SUPPLIED DATA:
================================

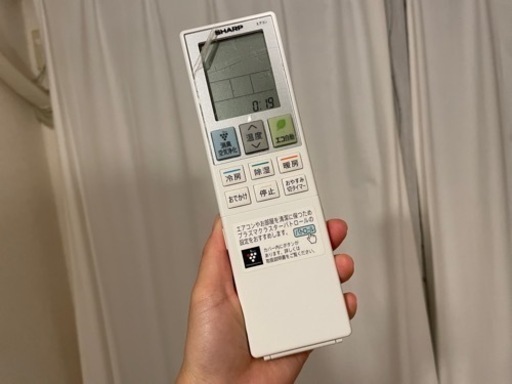 ID 994067 エアコン シャープ2.2K 6～8畳用 冷暖房 2019年製 AY-J22EE7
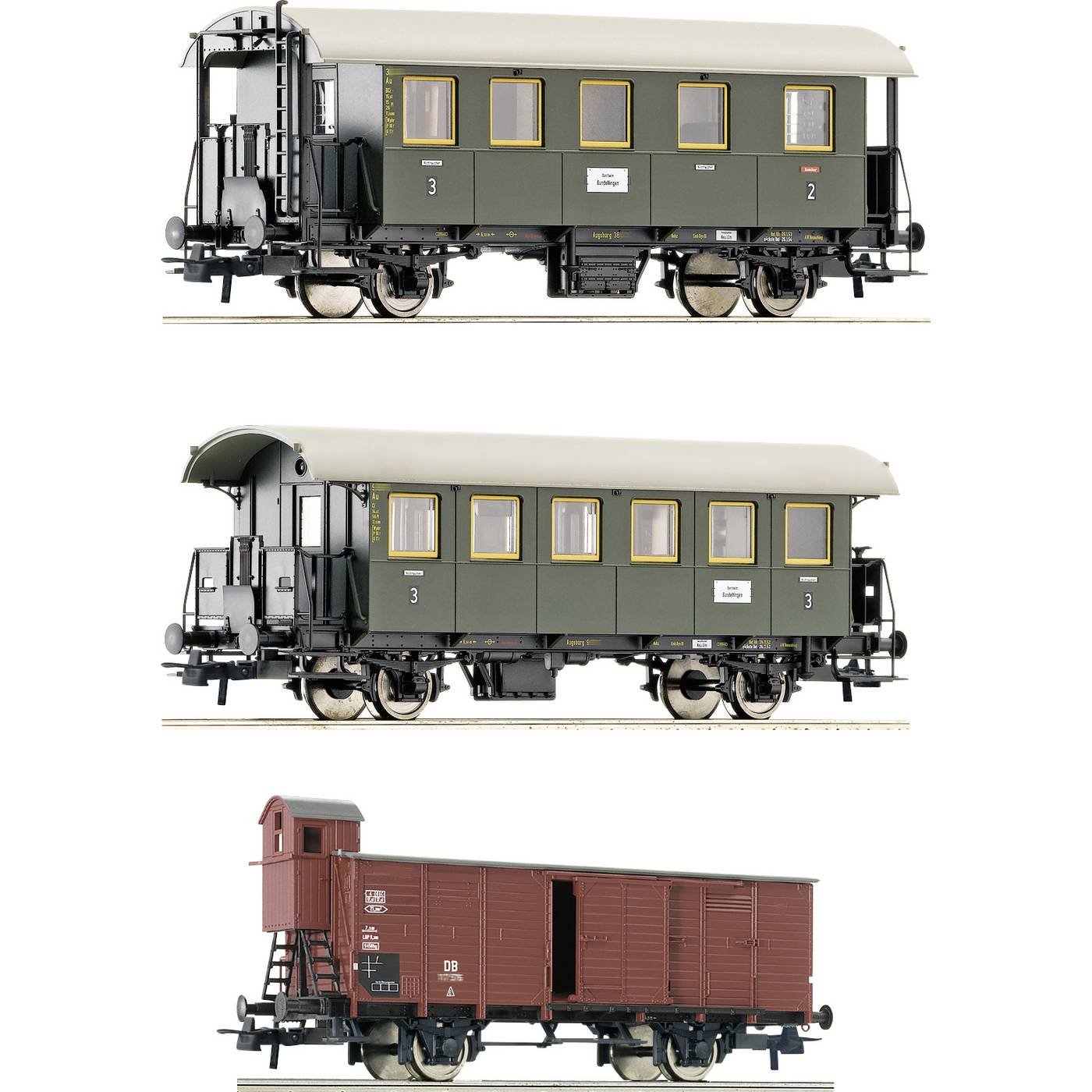 Roco 6200040 H0 3-delige set bijbaantrein van de DB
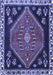 Machine Washable Persian Blue Traditional Rug, wshtr4577blu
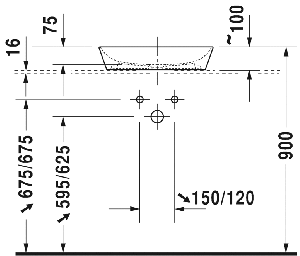 Раковина DURAVIT Cape Cod 50 (2339500000)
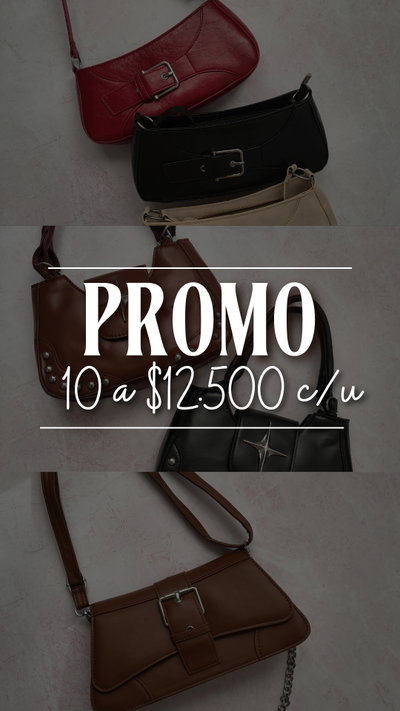 PROMO CARTERAS BAGUETTE X10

================================

TASK TO COMPLETE:
A verbatim copy of the data, with all pictures omitted, is the required output.

EXPECTED ANSWER:
 ID 994067 エアコン シャープ2.2K 6～8畳用 冷暖房 2019年製 AY-J22EE7
 Roco 6200040 H0 3-delige set bijbaantrein van de DB
 Machine Washable Persian Blue Traditional Rug, wshtr4577blu
 Раковина DURAVIT Cape Cod 50 (2339500000)
 PROMO CARTERAS BAGUETTE X10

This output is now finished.